A Romance on Three Legs by Hafner Katie

Author:Hafner, Katie [Hafner, Katie]
Language: eng
Format: epub
Publisher: Bloomsbury Publishing Plc
Published: 2010-07-15T00:00:00+00:00


FROM THE MOMENT when Glenn Gould first began touring in earnest, in the mid-1950s, he began to have thoughts that he would have to give up performing because there were no pianos he could bear to play. But rather than abandon his career, he developed a means of compensating for this problem away from the keyboard.

Gould was unique among pianists in that he never felt a compelling need for constant access to a piano. He had an extraordinary ability, developed long ago as a young student with his teacher Alberto Guerrero, to study a score and automatically associate it with a specific tactile response. He could read a piece of sheet music, then go straight to the piano and play it perfectly with limber, knowing hands. “When I haven’t played for a few weeks the nicest moments I have are when I first sit down to play,” he once told an interviewer. “I have never understood the stiff-finger syndrome or whatever it is people talk about, because during all of however many weeks that may have elapsed without playing, there is no hour of the day in which some music doesn’t enter my head and instantly get translated into a kind of spontaneous finger system.”

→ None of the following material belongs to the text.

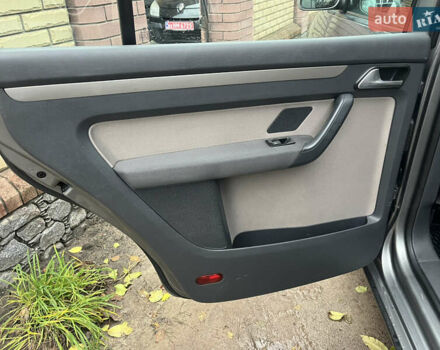 Коричневый Фольксваген Кросс Туран, объемом двигателя 1.6 л и пробегом 208 тыс. км за 8300 $, фото 46 на Automoto.ua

Still, he knew what he was looking for in a piano. Gould didn’t necessarily want an instrument with a big sound, even when he was playing in large halls. He preferred pianos whose sound might be described as “puritan”: not dry, exactly, or constrained, but clear and detached. But Steinway concert grands typically sounded just the opposite, with a growling, powerful bass and a brilliant treble.

Gould developed his ability to “play” away from the instrument because he was convinced that every piano other than his beloved Chickering had an inadequate action. Knowing this distracted him enough that he couldn’t play well. Or so he believed. Powerless to change this unfortunate circumstance, he resorted to unusual tricks of the imagination.

Such was the case in Israel in 1958, when Gould went to Tel Aviv to play a series of recitals and orchestral appearances with the Israel Philharmonic. The schedule—nine concerts in eleven days—was grueling enough. But the piano he was given to play was, he later recalled, possibly the worst concert instrument he had ever encountered. After the third performance, Gould got to the point where he felt like he could no longer control it.

“It was running away from me,” he told an interviewer years later. “It was like a car with power steering and I was a driver who was used to a stick shift. And it was frightening.”

Gould determined to reinstate his mental image of some other instrument while continuing to play the concerts on the dreadful piano in Tel Aviv. And of course the piano of his dreams was the Chickering.

So he drove up to Herzliya, a city on the Mediterranean fifteen miles north of Tel Aviv, and found a sand dune facing the sea. There he sat in a Hertz rental car, trying to feel and recall the precise sight, sound, and tactility of his Chickering at home.